預言者は、ユダにのみ語りかけているのではない。全世界を神の前(法廷)に呼び出している。それは、神が全世界の創造者であり、全世界は神の被造物だからである。

近年、グローバルという言葉がもてはやされている。結構なことであるが、実情はお題目にしているにすぎない。国連のような場で、どの国も自国の権益擁護に汲々としている。グローバルとは、全世界的な視野で物事を見ることではないか。それは預言者にだけ可能なのか。

「だれが、ひとりの者を東から起こし」

これは、ユダをバビロン捕囚から解放したペルシャのクロス王のことである(Ⅱ歴代誌36:22-23)歴史的には、一人の王がペルシャに起こり、破竹の勢いで進軍した様を「まだ歩いて行ったことのない道を安全に通っていく」と表現した。クロス王は、神の深き導きのもとでユダに厚意を示した。主がその心に触れるなら…誰も予期できない事が起こるのである。このようにして、ペルシャの出現はバビロンに終焉をもたらせ、ユダに解放を与えることになる。

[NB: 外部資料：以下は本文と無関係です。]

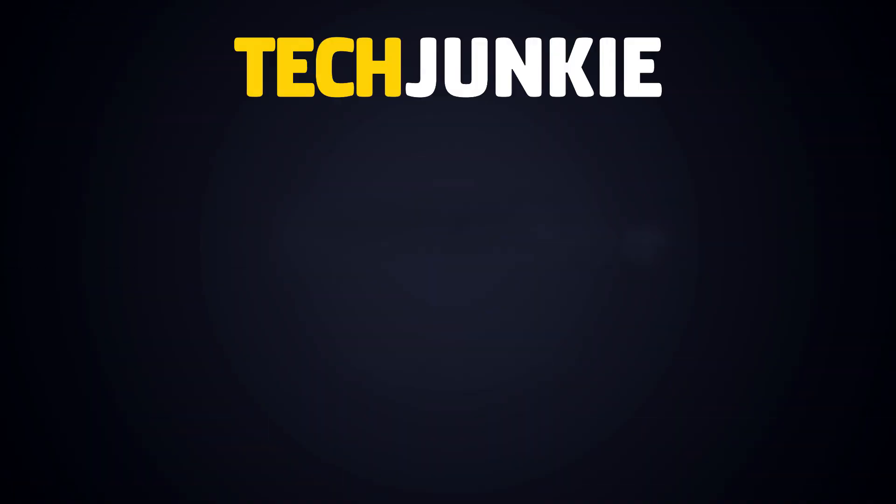If you liked this guide, make sure you subscribe for all sorts of videos covering Google Sheets and other technology. And don't forget to check out one of these videos. We think you might enjoy.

ここで、預言者が意図しているのは「だれが」と問いかけ「わたしがそれだ(アニー・フー)」と、主なる神を提示することではないだろうか。読者は、神の外に「わたしがそれだ」と言える方がおられない事を心に留めよ。

私たちは、神が歴史の支配者(演出家)であることを時として忘れて慌てふためく。しかし、主こそ「初めであり、終わりである」(44:6, 黙示録1:8,17,21:6,22:13)

事を始めた方は、終わらせることが出来る。世界の創造者は、世界の審判者でもある。

Ⅱ思い起こせ

「わたしのしもべ、わたしの選んだヤコブ、わたしの友アブラハムのすえよ」

8節以下は、イスラエルを励ますために呼びかけられている。

三段構えの呼びかけ、懇ろでユダを高揚させる。己には誇りがなく、面目を持たないが、神は百も承知で選び、連れだし、捨てることがない。神の誠実は変わらない。

ヤコブとは何者か。自分の目的達成のために懸命に生きたが、トラブルメーカーでもあった。彼は押しのける者であったが、神は彼を選びイスラエルとした(創世記32:28)栄光神にあれ。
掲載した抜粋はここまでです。